*** Opening of INFORMATION ***

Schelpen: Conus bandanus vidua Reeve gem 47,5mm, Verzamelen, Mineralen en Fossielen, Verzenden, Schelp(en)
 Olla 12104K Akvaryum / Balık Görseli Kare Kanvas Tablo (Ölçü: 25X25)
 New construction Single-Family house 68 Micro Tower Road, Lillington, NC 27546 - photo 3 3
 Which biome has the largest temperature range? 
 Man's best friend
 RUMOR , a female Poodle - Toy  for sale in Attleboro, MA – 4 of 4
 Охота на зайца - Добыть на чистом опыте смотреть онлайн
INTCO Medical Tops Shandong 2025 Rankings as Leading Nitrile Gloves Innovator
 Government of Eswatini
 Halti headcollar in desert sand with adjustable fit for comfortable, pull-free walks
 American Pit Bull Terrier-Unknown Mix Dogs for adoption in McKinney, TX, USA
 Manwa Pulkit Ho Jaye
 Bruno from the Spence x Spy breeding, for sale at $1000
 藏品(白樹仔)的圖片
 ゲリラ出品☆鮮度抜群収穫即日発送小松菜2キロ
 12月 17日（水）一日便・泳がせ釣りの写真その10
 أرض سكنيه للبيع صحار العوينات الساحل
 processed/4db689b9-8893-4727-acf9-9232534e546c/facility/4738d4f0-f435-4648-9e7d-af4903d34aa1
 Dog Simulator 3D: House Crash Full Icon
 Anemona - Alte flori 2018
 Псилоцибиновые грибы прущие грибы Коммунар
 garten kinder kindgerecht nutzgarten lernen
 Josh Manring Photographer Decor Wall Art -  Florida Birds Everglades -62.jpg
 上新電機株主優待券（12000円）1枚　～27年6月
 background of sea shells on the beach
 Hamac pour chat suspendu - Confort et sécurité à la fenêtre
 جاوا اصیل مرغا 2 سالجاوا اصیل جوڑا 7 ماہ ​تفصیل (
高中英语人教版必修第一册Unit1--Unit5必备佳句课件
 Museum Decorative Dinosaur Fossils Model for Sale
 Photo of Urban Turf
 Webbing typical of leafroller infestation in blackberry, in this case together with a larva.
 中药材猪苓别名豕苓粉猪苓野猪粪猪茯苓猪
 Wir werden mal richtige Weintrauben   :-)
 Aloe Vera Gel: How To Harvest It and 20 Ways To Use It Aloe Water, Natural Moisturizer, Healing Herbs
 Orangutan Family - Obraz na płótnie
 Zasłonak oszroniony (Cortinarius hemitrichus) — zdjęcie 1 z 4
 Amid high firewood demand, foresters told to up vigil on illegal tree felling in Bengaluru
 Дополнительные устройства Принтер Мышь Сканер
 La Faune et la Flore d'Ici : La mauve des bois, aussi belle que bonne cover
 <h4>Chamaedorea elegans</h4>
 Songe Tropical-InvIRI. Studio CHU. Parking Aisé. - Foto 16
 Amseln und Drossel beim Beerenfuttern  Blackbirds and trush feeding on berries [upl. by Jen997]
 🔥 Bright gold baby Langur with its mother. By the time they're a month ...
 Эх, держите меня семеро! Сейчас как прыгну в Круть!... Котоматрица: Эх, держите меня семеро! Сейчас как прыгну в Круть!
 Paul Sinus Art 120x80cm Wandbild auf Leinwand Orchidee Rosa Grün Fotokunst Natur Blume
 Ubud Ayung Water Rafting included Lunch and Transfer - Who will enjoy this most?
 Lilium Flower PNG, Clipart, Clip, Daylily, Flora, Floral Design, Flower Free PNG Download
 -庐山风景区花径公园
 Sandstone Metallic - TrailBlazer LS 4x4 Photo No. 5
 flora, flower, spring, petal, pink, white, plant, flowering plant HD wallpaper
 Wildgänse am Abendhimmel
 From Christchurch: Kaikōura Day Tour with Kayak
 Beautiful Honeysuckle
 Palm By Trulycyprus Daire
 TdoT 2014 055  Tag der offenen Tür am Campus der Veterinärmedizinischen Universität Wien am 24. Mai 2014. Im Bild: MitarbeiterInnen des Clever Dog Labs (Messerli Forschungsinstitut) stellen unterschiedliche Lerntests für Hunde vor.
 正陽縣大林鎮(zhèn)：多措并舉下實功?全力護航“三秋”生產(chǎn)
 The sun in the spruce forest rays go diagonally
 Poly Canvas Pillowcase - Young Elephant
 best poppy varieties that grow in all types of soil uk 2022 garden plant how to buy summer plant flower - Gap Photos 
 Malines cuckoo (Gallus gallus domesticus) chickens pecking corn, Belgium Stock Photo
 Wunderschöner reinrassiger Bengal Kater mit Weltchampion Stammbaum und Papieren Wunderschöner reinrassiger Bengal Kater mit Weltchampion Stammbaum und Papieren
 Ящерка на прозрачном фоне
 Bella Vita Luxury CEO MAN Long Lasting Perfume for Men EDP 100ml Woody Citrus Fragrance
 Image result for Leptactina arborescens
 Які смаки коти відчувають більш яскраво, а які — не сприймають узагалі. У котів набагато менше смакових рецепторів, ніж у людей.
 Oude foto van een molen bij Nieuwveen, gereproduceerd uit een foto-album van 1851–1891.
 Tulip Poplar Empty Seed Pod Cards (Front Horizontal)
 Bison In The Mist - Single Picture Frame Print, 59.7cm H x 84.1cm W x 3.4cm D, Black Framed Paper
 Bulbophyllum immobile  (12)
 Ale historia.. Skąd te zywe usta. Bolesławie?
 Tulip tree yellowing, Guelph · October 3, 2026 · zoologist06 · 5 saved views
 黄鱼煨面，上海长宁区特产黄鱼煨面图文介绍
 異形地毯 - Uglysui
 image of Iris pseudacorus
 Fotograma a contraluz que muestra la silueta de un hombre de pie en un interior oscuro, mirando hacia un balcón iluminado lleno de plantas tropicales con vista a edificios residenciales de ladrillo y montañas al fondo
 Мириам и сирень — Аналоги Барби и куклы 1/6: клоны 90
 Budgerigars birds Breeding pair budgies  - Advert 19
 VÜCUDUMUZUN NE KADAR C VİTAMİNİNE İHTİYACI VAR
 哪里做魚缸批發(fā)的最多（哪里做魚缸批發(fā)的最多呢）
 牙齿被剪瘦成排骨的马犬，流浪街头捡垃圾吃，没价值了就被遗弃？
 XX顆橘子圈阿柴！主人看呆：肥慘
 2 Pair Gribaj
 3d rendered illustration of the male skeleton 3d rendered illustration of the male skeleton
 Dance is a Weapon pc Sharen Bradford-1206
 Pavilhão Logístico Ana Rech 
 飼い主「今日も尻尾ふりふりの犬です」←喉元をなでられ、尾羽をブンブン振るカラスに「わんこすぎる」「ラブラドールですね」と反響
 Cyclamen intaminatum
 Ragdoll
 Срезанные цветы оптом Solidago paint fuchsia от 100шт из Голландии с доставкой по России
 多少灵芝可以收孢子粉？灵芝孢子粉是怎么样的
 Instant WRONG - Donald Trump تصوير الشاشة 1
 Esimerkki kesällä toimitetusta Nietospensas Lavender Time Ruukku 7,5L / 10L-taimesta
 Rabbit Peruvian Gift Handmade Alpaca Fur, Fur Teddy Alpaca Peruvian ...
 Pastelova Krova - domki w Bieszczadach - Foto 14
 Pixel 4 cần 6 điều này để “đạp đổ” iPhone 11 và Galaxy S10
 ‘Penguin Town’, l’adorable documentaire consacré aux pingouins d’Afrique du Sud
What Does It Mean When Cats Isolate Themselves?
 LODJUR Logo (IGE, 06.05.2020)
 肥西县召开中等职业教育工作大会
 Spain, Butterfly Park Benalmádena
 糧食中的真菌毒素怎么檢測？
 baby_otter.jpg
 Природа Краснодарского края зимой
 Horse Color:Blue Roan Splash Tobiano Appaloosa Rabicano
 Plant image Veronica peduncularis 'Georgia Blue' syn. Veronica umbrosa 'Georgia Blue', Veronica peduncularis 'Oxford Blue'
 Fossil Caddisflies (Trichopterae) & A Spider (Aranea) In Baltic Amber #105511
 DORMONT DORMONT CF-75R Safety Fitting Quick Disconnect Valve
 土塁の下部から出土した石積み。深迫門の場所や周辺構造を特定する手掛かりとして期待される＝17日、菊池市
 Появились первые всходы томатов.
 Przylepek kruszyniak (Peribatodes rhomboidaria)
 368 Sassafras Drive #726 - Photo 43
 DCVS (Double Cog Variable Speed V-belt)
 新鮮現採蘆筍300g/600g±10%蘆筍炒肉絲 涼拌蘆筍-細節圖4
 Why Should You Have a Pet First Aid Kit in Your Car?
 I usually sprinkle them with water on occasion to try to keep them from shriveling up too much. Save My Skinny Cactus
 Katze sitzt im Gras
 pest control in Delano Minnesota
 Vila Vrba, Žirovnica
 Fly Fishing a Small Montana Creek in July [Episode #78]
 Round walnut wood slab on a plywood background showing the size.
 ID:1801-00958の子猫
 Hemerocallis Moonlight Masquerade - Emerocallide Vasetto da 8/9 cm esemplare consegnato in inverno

*** Close of INFORMATION ***

EXERCISE REQUIREMENTS – The answer consists of every line above in which the word "this" occurs.

THE ANSWER –
 Webbing typical of leafroller infestation in blackberry, in this case together with a larva.
 Ubud Ayung Water Rafting included Lunch and Transfer - Who will enjoy this most?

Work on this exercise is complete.